How can there still be organs left in the human body to discover? Well, judging from the history of science, it’s because our our methods for analyzing and identifying the many different systems and networks within the body have improved. Think about it: we’ve only been chopping up and poking at the human body for a few centuries. Well, in a scientific sense anyway, not in the destroy-your-enemies-and-eat-their-dismembered-bodies sense. The discovery of DNA is less than a century old, while imaging technologies like magnetic resonance imaging are only a few decades old. Put into context, these relatively recent but groundbreaking advances show how we’re still only beginning to understand the complexities of the human body.

Even more mysteries lie within the folds of the human brain.

Case in point: a team of physicians has just published a study of what they claim is an organ of the human body which has been completely ignored by medical science until now.
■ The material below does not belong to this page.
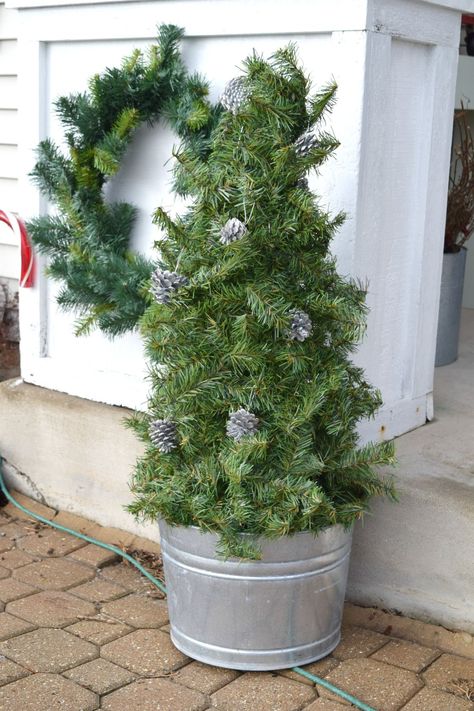 Fashion a DIY Christmas Topiary From A Basic Tomato Cage Christmas Tree Topiary, Tomato Cage Crafts, Tomato Cage Christmas Tree, Diy Tabletop, Christmas Topiary, Christmas Crafts Diy Projects, Simple Decorations, Tomato Cages, Small Christmas Trees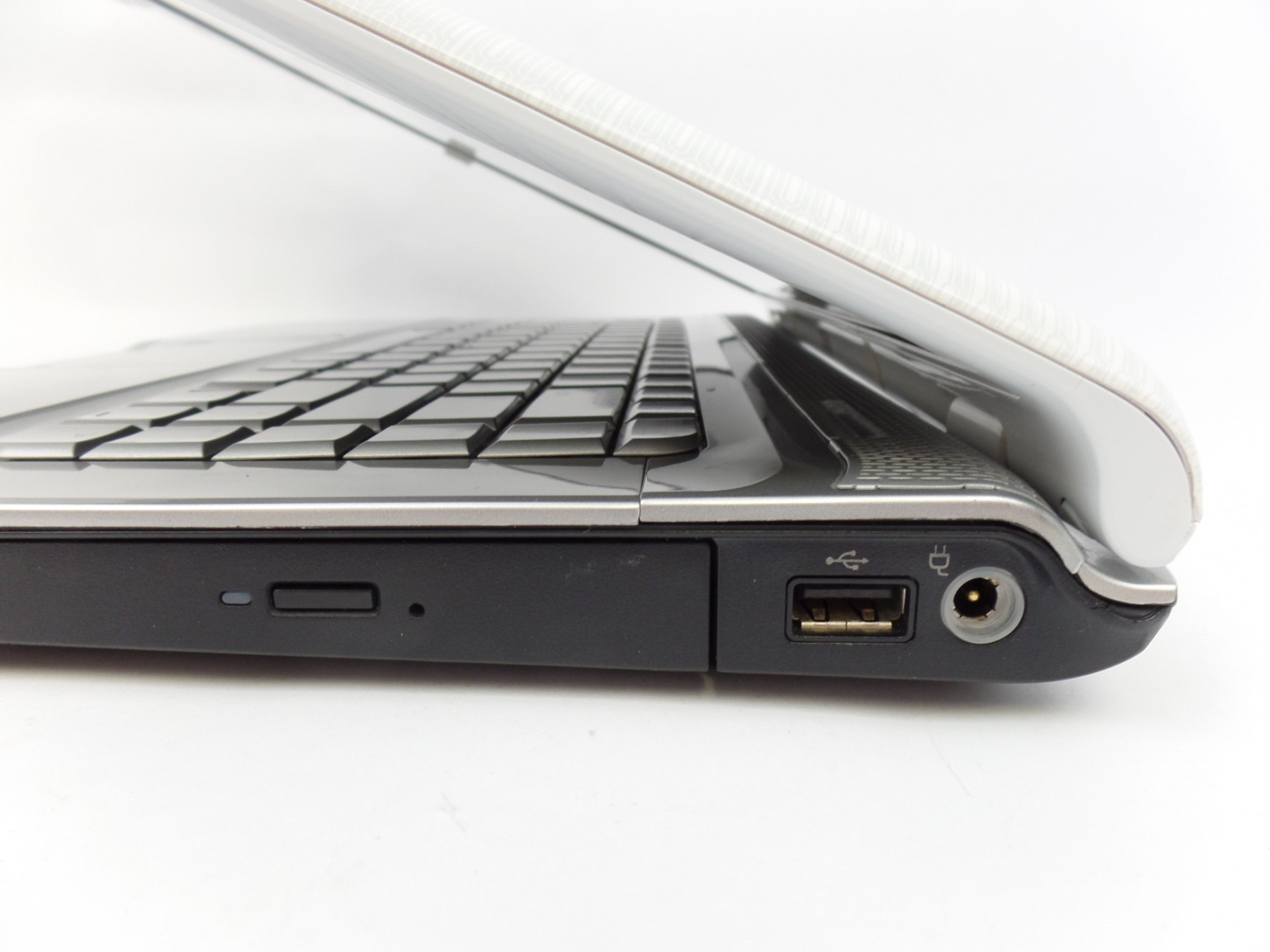 HP Pavilion dv6700 15.4" WXGA Core 2 Duo T5750 2GHz 3GB 250GB W7P Laptop U1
They’re calling the organ the interstitium, and describe it as a dense layer of connective tissues found throughout and surrounding nearly the whole body, or a “widespread, macroscopic, fluid-filled space within and between tissues.” The organ was discovered through analyzing frozen body tissues, allowing this fluid-filled layer to retain its form unlike the flat, desiccated samples used in microscopy:

Freezing biopsy tissue before fixation preserved the anatomy of this structure, demonstrating that it is part of the submucosa and a previously unappreciated fluid-filled interstitial space, draining to lymph nodes and supported by a complex network of thick collagen bundles. We observed similar structures in numerous tissues that are subject to intermittent or rhythmic compression, including the submucosae of the entire gastrointestinal tract and urinary bladder, the dermis, the peri-bronchial and peri-arterial soft tissues, and fascia.

If confirmed, the intersitium would become the 80th known organ of the human body. The researchers believe the interstitium serves as a sort of ‘shock absorber’ which helps cushion muscles and organs from impacts or compression due to the movement of the body, while also playing a much more negative role in allowing cancers to metastasize more quickly since the interstitium is connected to the lymphatic system.

Illustration by Jill Gregory, Mount Sinai Health System, licensed under CC-BY-ND.

Illustration by Jill Gregory, Mount Sinai Health System, licensed under CC-BY-ND.

On a strange note, the researchers claim the interstitium generates a small electrical current as the body moves, which they note might explain the effects of acupuncture. Will the discovery of this new organ lead to new forms of therapy?